年代からしてそれは第二次世界大戦のことだし、実際に、サリンジャーも従軍していた。しかも、ノルマンディー上陸作戦にも参加していた。私は「プライベート・ライアン」くらいでしかその苛烈な上陸作戦知を知らないが、あれを見た限りでは阿鼻叫喚の地獄絵図の真っ只中にいたことになる。

結論から言うと、サリンジャー…じゃなかったシーモアは、自傷行為として車で木に突っ込んでいったのではないか。

目に映るのは、負傷した兵士の骨や肉、はらわた。耳にするのは迫撃砲の轟音や助けを求める仲間の断末魔。嗅いだのは噎せ返るような濃い血や火薬の匂い。

 

5Gくらいの圧力がかかる場所(=極限のストレス下となる戦場)にずっといて、そこから元の世界に戻ってきたら、何もかもが嘘みたいに感じると思う。全てが馬鹿馬鹿しいというか。世界の軽さが受け付けられない。浮いているような、現実と自分が乖離して、どこにも魂の置き場がないような。

 

リストカットをする理由の一つに、「血を見ると生きているのを実感する」とか、「この痛みだけは本物で、自分は生きていると分かる」といったものがある。

 

それと似たような事がシーモアの中で起きていたんじゃないか、と私は思う。

 

深海魚は、その水圧によってまともな状態で生きられる。急激に減圧すると膨張して死んでしまう。シーモアもきっと、そうだったのだ。戦場で生と死の極限を知ってしまった彼は、あまりにも何も起こらないこの世界において、脳にかかる負荷が足りず、バランスを見失っていた。だから彼は、「圧」を求めた。

 

以上。

 

という木ーワードとは関係のない解釈になりましたが。

...こりゃすべったな。

 

 

追記:この記事の第5回にて、より明確な答えが得られました。自傷行為というより、トラウマの方が近そうです。詳しくはこちらからご覧ください。

handbook24.hatenablog.com

 

 

 

 

どうやら配分が狂ったようだ

 

……想定の10分の1も進まなかった。これはヤバい。

私のパーフェクトプランでは、この記事は①に始まり⑨できれいサッパリ終わる予定だったのだ。だって、「ナイン・ストーリーズ」だし。

 

まぁ、その為には前回の時点で「バナナフィッシュにもってこいの日」一話全体の考察を終えていないといけないので、既に私の緻密で隙のないパーフェクトプランは破綻していたことになる。

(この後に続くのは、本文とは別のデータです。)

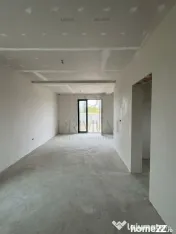Duplex parter - zona buna - toate utilitatile - posibilitate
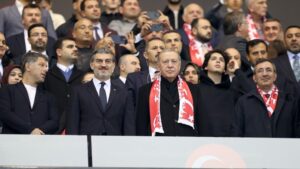 Başkan Erdoğan'dan milli takıma destek… Maçı tribünden izledi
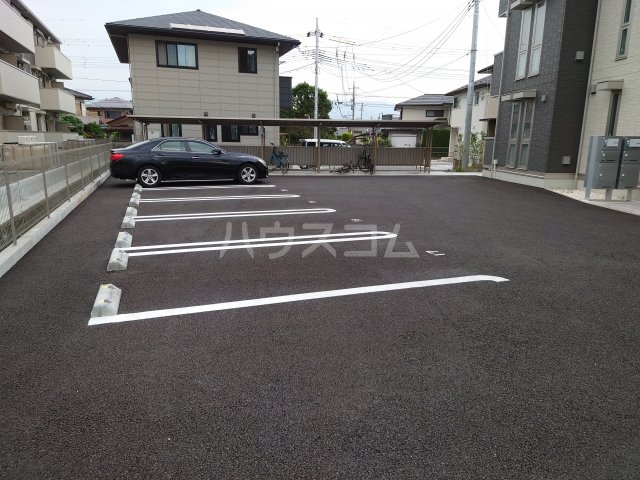 28/30 駐車場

ちなみにパーフェクトプランに引いてあるアンダーラインは全くの無意味である。

 

 

4000字近くつかって、謎解き一個って、ねぇ。やっぱあれかな。

バナナフィッシュが魚かどうか検証してた前置きとか、マジで不要だったのかな……。

 

 

フィッシュに決まってんだろ!!!

 

 

っていうサリンジャー先生の怒りが聞こえてくるようだ……

 

 

次回、「巻きでいこう」

 

ありがとうございました。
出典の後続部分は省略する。